15During cross-examination, MPAC admitted that its comparable property Sale 2 was renovated and the Subject Property is unrenovated. MPAC further admitted that it arbitrary applied a renovation code “B” to the Subject Property due to its age although MPAC does not have any record of any renovation carried out on the Subject Property. Furthermore, MPAC testified that the renovation code “B” was applied to the Subject Property to account for maintenance of the Subject Property. The Board finds that maintenance of the Subject Property is not equivalent to a renovation, as MPAC testified that a renovation code “B” indicates that some degree of renovation occurred on the Subject Property. Therefore, comparable property Sale 2 with a finished basement is 72 years newer than the Subject Property. The Board finds that this makes property Sale 2 superior to the Subject Property.

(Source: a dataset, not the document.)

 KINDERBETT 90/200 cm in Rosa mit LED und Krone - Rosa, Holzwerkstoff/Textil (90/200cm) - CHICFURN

16Comparable property Sale 3 is 12 years newer than the Subject Property, using its original year built of 1935. The building is slightly bigger than the Subject Property, but it has an identical site area of 0.17 acres with the Subject Property. This makes it slightly superior to the Subject Property, due to its age.
17Comparable property Sale 4 has a larger effective site area of 0.19 acres and a larger building area of 2,049 sq. ft. These features make it superior to the Subject Property, even though it is 2 years older than the Subject Property.
18Comparable property Sales 5 and 6 are both 22 and 14 years newer than the Subject Property. The buildings are larger than the Subject property with finished basements, making both properties superior to the Subject Property.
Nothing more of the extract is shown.